*** Opening RECORD EXCERPTS ***

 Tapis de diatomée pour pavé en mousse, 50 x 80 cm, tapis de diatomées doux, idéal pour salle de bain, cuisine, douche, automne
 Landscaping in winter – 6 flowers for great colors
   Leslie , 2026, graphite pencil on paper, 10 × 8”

*** Closing RECORD EXCERPTS ***
*** Opening RECORD EXCERPTS ***

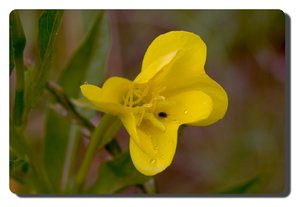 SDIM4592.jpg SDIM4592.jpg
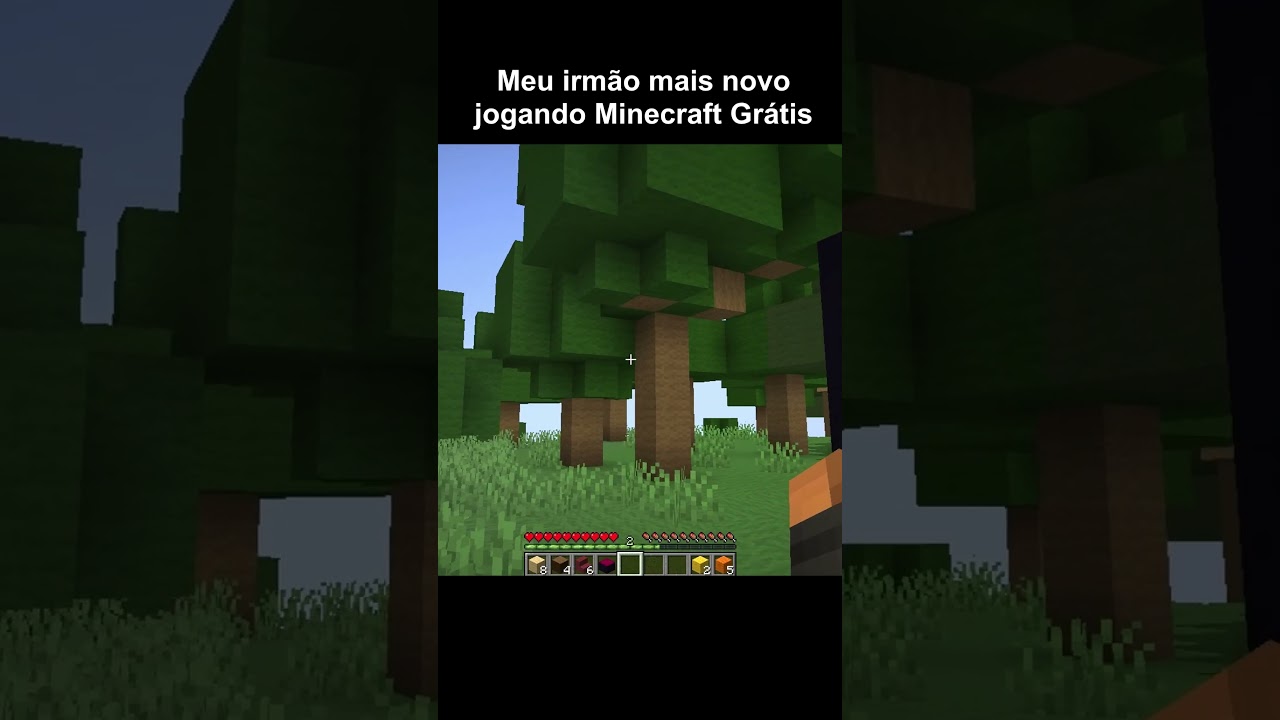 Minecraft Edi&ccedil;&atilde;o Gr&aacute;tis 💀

*** Closing RECORD EXCERPTS ***

● WHAT NEEDS TO BE DONE: In the data above, retype exactly and only the lines between the one holding "Landscaping in winter" and the one holding "Leslie , 2026, graphite", inclusive.

● TASK RESPONSE:
 Landscaping in winter – 6 flowers for great colors
   Leslie , 2026, graphite pencil on paper, 10 × 8”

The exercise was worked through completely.